**Work item**
Pictures in the listing below are skipped, while the lines from the "Viola odorata Leaf" line through the "Oaia Dolly reincarnata!" line are returned word for word.

═══ Available records ═══

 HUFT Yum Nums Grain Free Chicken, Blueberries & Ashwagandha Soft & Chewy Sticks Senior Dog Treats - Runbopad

═══
═══ Available records ═══

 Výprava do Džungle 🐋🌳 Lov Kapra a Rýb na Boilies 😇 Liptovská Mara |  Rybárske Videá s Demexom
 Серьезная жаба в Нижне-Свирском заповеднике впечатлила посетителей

═══
═══ Available records ═══

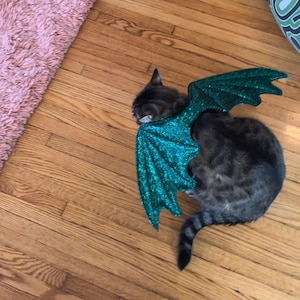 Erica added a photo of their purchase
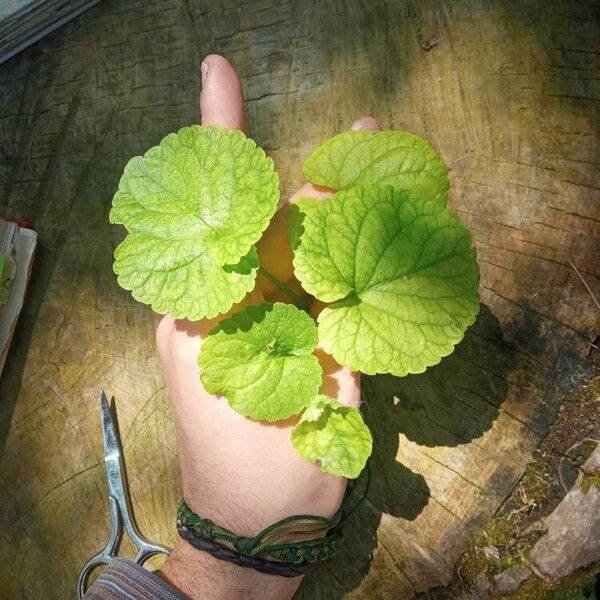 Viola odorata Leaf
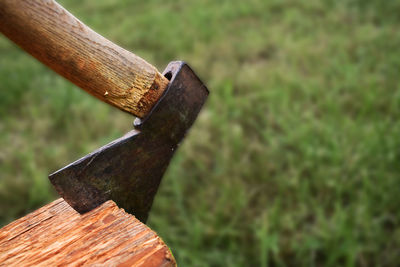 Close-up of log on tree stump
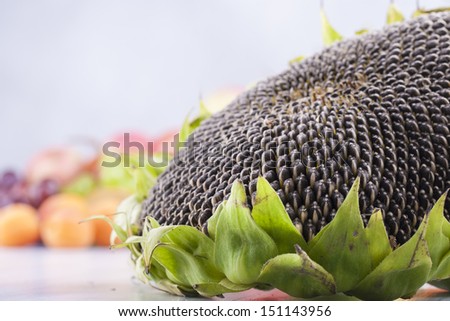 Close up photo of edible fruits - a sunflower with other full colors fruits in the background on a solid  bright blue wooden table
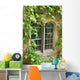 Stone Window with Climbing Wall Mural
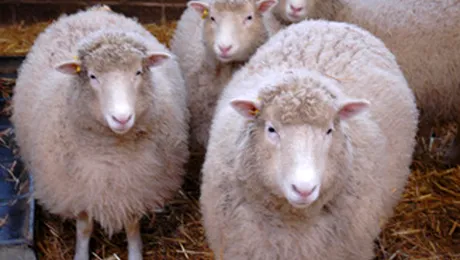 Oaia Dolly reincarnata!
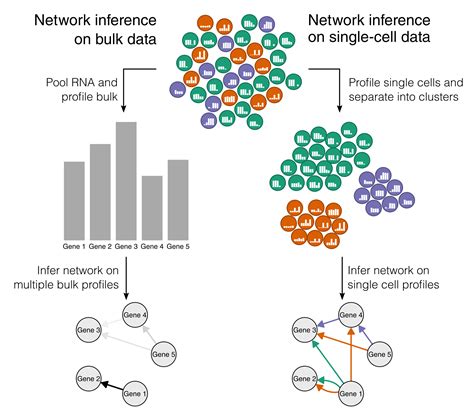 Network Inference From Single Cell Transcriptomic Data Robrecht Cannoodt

═══

**Output for this exercise**
 Viola odorata Leaf
 Close-up of log on tree stump
 Close up photo of edible fruits - a sunflower with other full colors fruits in the background on a solid  bright blue wooden table
 Stone Window with Climbing Wall Mural
 Oaia Dolly reincarnata!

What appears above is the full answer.